I talked Monika and Lois into joining me in seeing all the exhibits (3 Euro each), and we worked our way first downstairs and then upstairs thru four floors of exhibits, far more than I had really expected. The puppets and marionettes were in perfect condition and had labels explaining the country of origin and role each one was used for. These labels were only in German, but Monika and I translated for Lois as we traipsed thru the truly eclectic, if not eccentric, collection.


 

The exhibits covered marionettes and puppets of all types of western and non-western cultures, so our visit gave us some really great insights into an interesting aspect of world cultures. The European tradition was well represented with sets of marionettes from England (Punch and Judy), Germanny (Kasperle), and France.

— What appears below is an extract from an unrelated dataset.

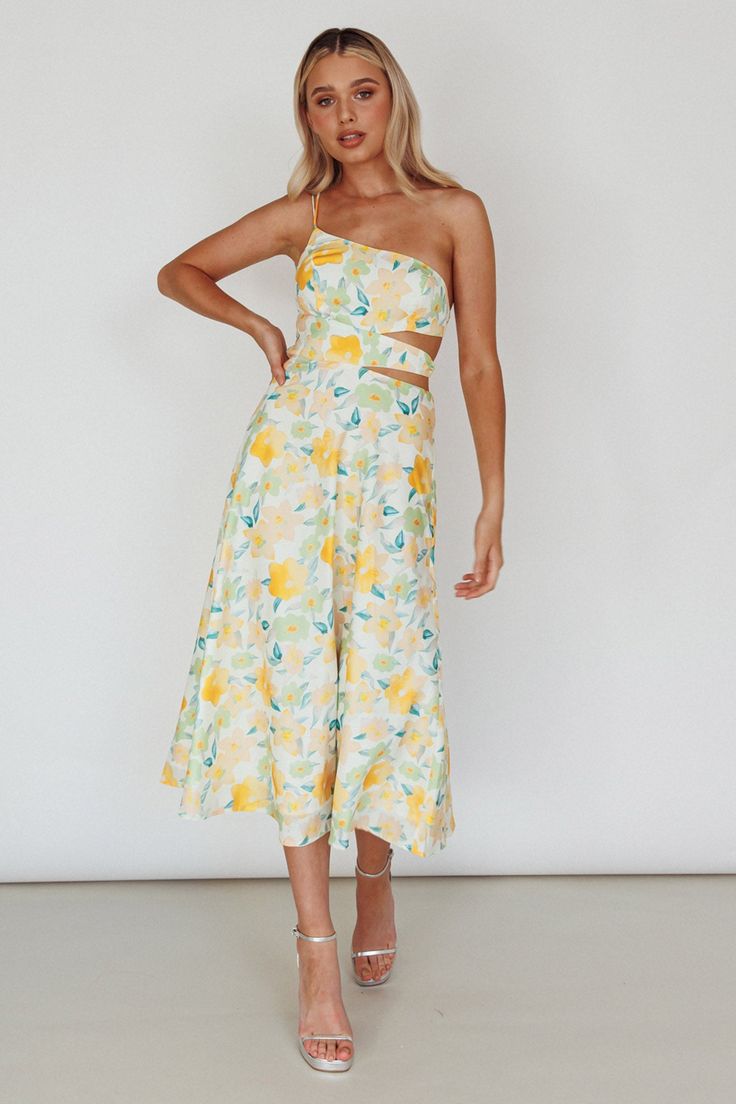 Halia One-Shoulder A-Line Midi Dress Floral Yellow Pastel Floral Dress, Midi Dress Floral, Yellow Sundress, Yellow Midi Dress, Floral Sundress, White Heels, Iron Material, Clothing Tags, Pastel Floral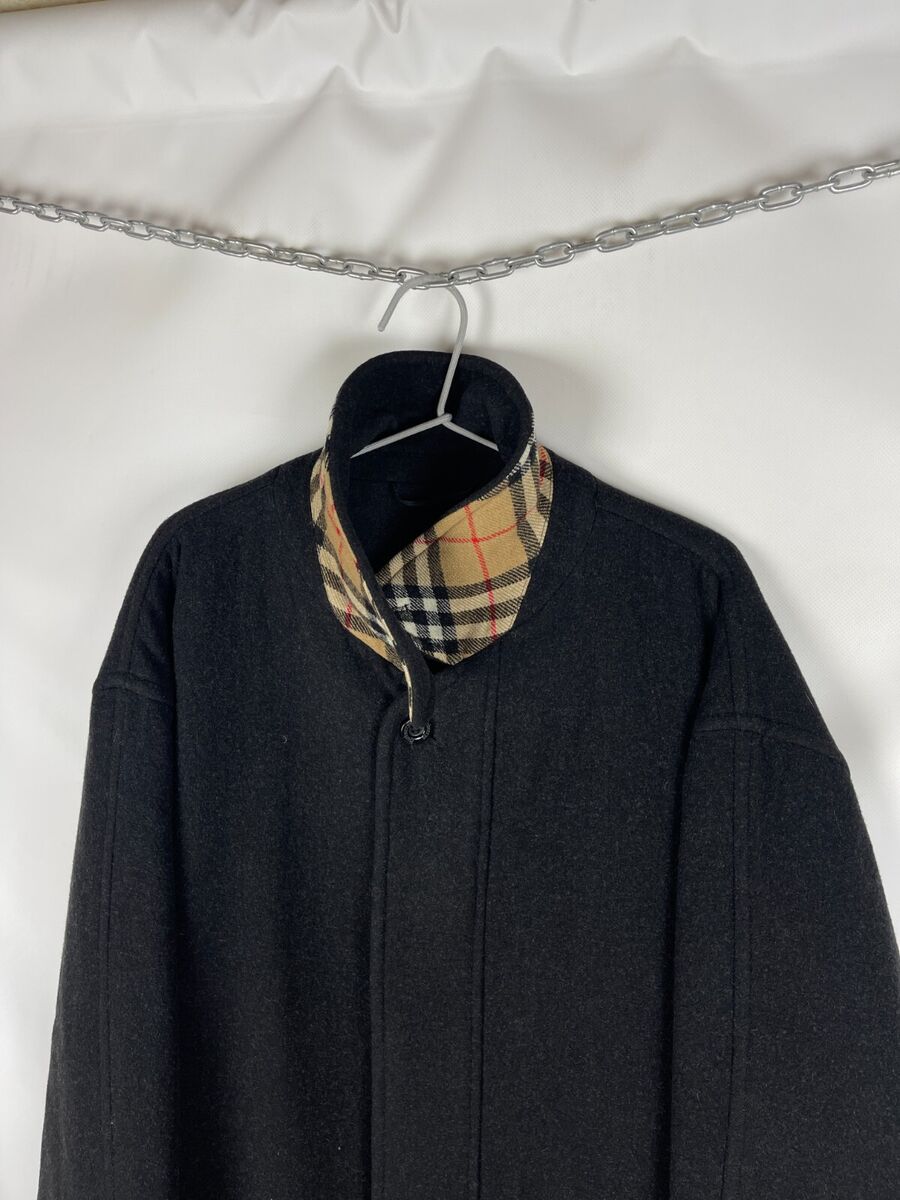 Burberry London wool nova check vintage dark grey coat | eBay Burberry London wool nova check vintage dark grey coat | eBay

These were the typical puppets operated from above the stage with wires attached to sticks. The story for the origin of the French set of puppets was that a man who had lost his job turned to carving puppets and putting on shows as a way to earn some spare change. It obviously worked out and he turned to puppetry for a living. Many of the German puppets were from the family Schichl, which had 4 generations of puppeteers, some of whom were featured in a short film up on the fourth floor.

The traditions in Asia seemed to go back at least a century further than in Europe (maybe much farther!) and the clothing on some of these puppets was absolutely gorgeous—brightly colored embroidered silk with decorations like sequins. The technique was a little different for the Chinese marionettes because the puppeteer could be on one side of the stage swathed completely in black to blend into the background. One wall case had a complete set of figures from southeast Asia representing a queen, a princess, a prince, an alchemist, and a couple of royal advisers if I understood it correctly. They even had a large elephant puppet with hinged legs and a jointed trunk.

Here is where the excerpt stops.